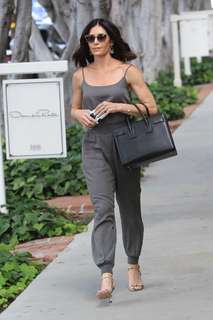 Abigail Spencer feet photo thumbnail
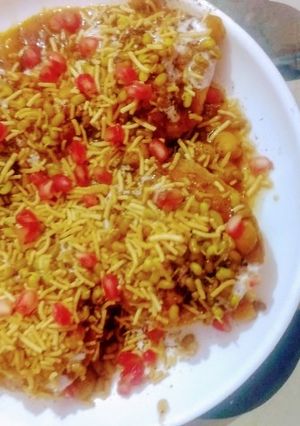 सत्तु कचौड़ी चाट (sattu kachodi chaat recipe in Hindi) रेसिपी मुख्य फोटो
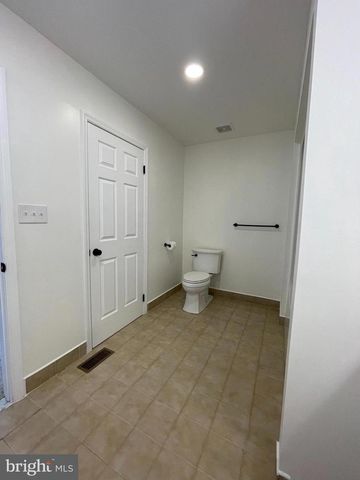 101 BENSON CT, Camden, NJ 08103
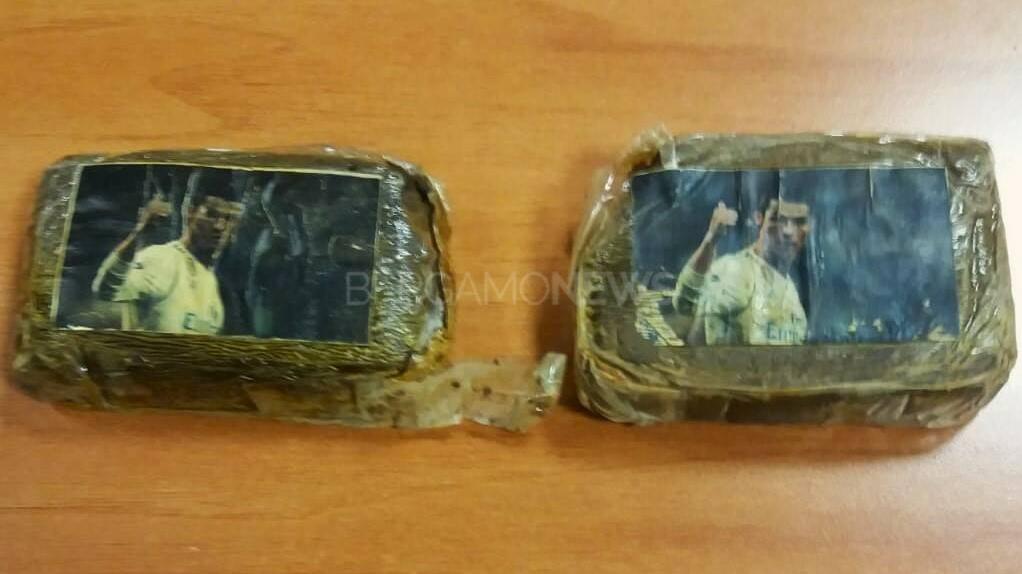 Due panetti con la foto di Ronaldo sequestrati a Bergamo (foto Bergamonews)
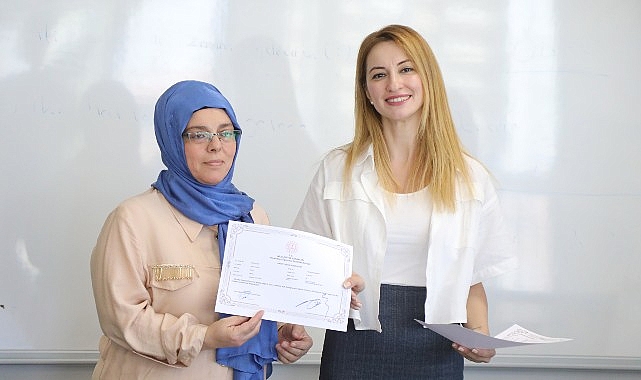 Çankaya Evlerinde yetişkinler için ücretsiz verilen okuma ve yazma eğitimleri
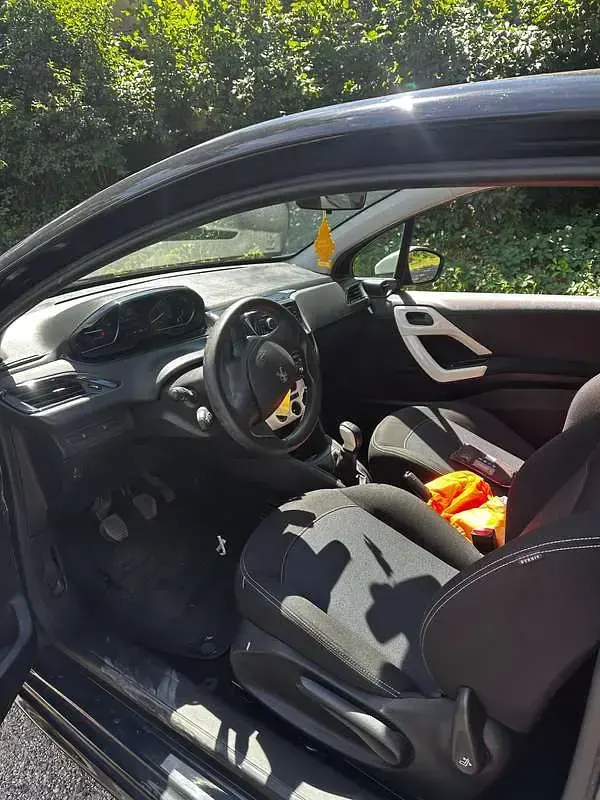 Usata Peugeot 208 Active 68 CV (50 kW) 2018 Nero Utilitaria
===============
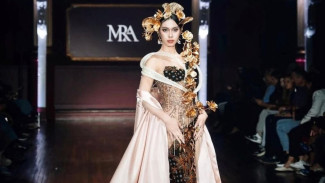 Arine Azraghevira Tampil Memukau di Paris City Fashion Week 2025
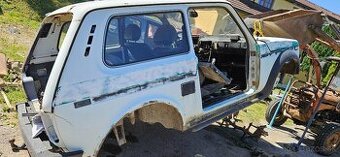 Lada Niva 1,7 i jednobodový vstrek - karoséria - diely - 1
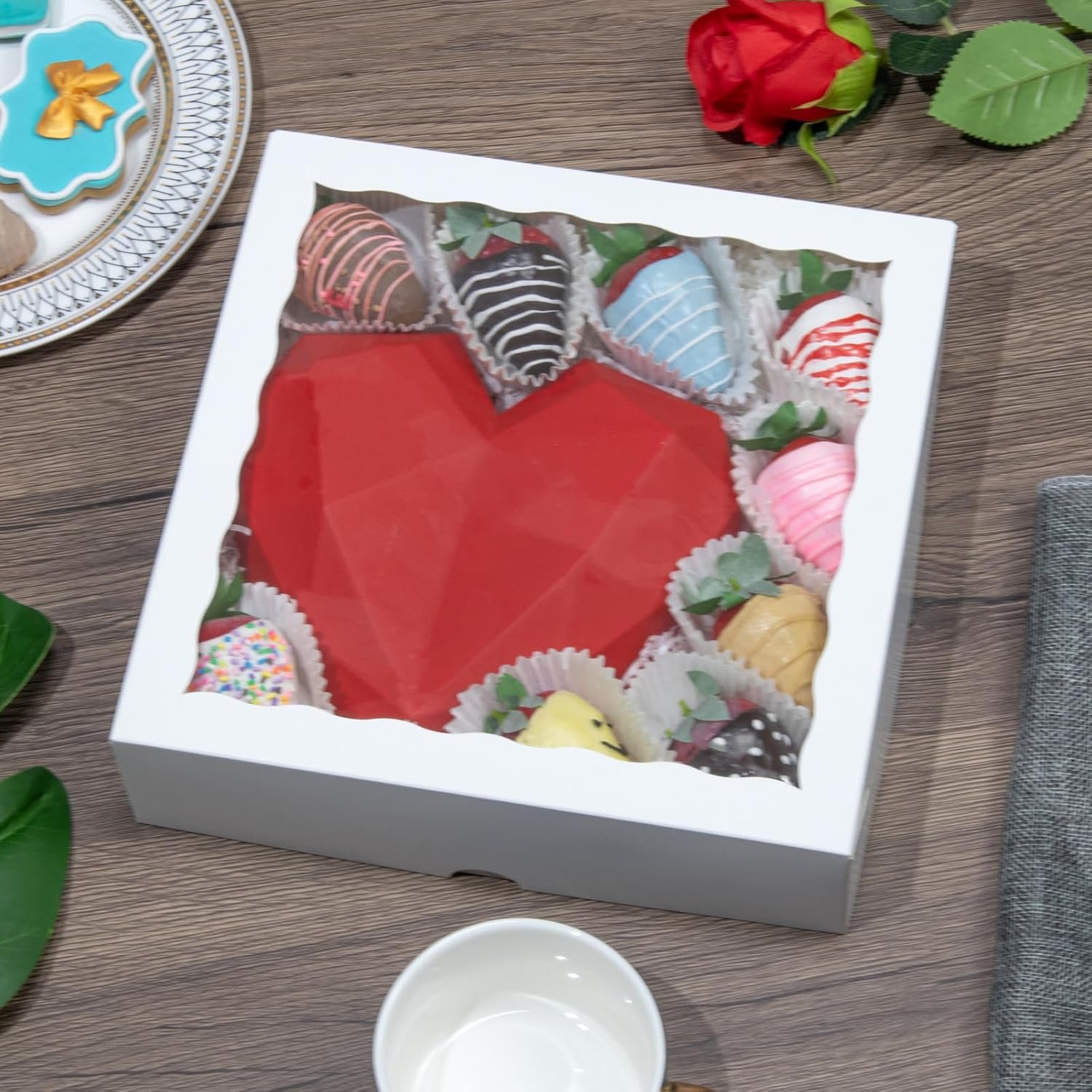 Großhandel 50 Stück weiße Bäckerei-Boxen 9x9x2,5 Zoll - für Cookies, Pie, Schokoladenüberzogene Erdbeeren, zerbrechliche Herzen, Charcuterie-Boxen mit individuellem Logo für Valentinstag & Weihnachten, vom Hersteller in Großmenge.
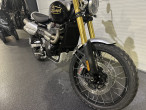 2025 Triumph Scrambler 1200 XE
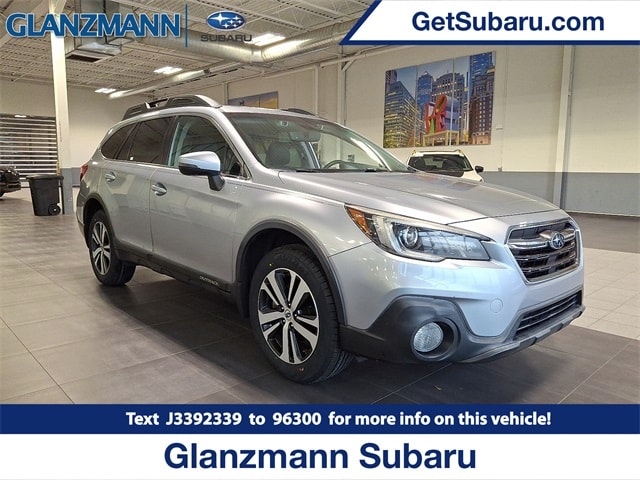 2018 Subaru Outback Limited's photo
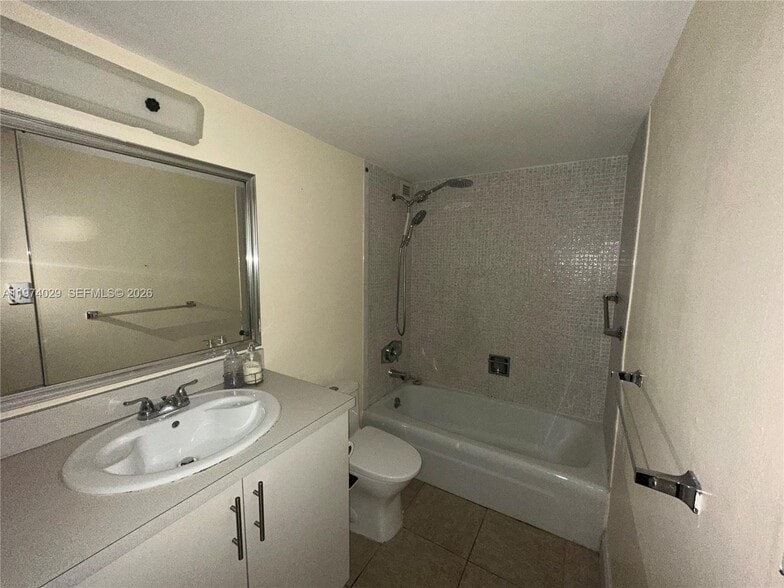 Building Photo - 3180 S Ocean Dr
===============
WHAT NEEDS TO BE DONE
Using the data above, retype exactly and only the lines from the one containing "Çankaya Evlerinde yetişkinler" up to and including the one containing "Usata Peugeot 208", with no pictures carried over.

EXPECTED ANSWER
 Çankaya Evlerinde yetişkinler için ücretsiz verilen okuma ve yazma eğitimleri
 Usata Peugeot 208 Active 68 CV (50 kW) 2018 Nero Utilitaria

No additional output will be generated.